Once upon a time, back in the 1930s and 40s, a famous dentist took his wife and a guide or two and traveled to remote areas of the world. This dentist was concerned about the changes he saw in each generation of his own patients.
In his practice in America he saw more and more children with badly decayed teeth, and each year more families had children with narrower faces and crowded, crowded teeth. Each generation, the children seemed less vigorous, less able to fight off common colds and flu than their parents and grandparents.
This dentist was named Weston A. Price, and he was convinced that our food had to be the only thing that could possibly cause the health of each generation to be worst than the generation before.
The only way he could find out if his theory was true was to find societies who were still eating the same foods his own healthy ancestors ate in the past, people who lived in such remote places that modern industrial foods had not yet reached them.
He traveled to isolated islands in the North Atlantic and the South Pacific, to the Arctic and to high mountain valleys in Europe. He and his wife met people living in Africa and South America, and even found North American Indian tribes who were still holding on, barely, to the diets of their ancestors. His travels were well-documented and photographed, and the book he wrote about his discoveries became a standard textbook in American universities.
But the book was read by students studying anthropology, not medicine. In the medical community, his book was mostly ignored, in spite of his well-deserved fame for his previous research into the role of vitamins for human health.
What Price found were isolated communities who had no dental cavities, no crooked teeth, no diabetes, no obesity, and no heart disease. Contemporary missionary doctors like Albert Schweitzer were finding the same thing in traditional societies around the world.

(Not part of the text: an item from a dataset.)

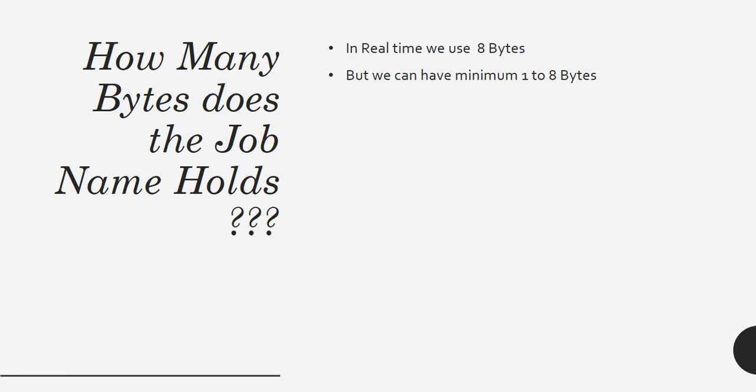The interviewer may ask: can I write the JCL name with two or three bytes and deploy it to production? The answer should be obviously no. As a standard in real-time projects, we use eight bytes. Remember, eight bytes should be your JCL name.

Price and these other brave doctors discovered something else that should have been impossible to ignore.
When people stopped eating their culture's traditional foods, like whole-grain bread, fatty meat, whole milk, butter and cheese and locally grown vegetables, and began eating imported industrialized foods like refined sugar and flour and canned goods instead, their health almost immediately declined.
Diabetes, cancer and heart disease would appear for the first time when people began eating imported industrialized food. People would grow fat even though they may be eating fewer calories than their traditional neighbors, and their children were born with dietary deficiencies and crooked teeth.
The obvious conclusion, which has been known for 80 years or more, is that the 'diseases of civilization' are caused almost exclusively by refined, processed food.
These 'diseases of civilization' are now the leading causes of death in the United States - yet many people don't realize that heart disease, diabetes and obesity were almost completely unknown just a few generations ago, when our own ancestors still ate locally grown whole foods, prepared with love in our great-grandmothers' kitchens.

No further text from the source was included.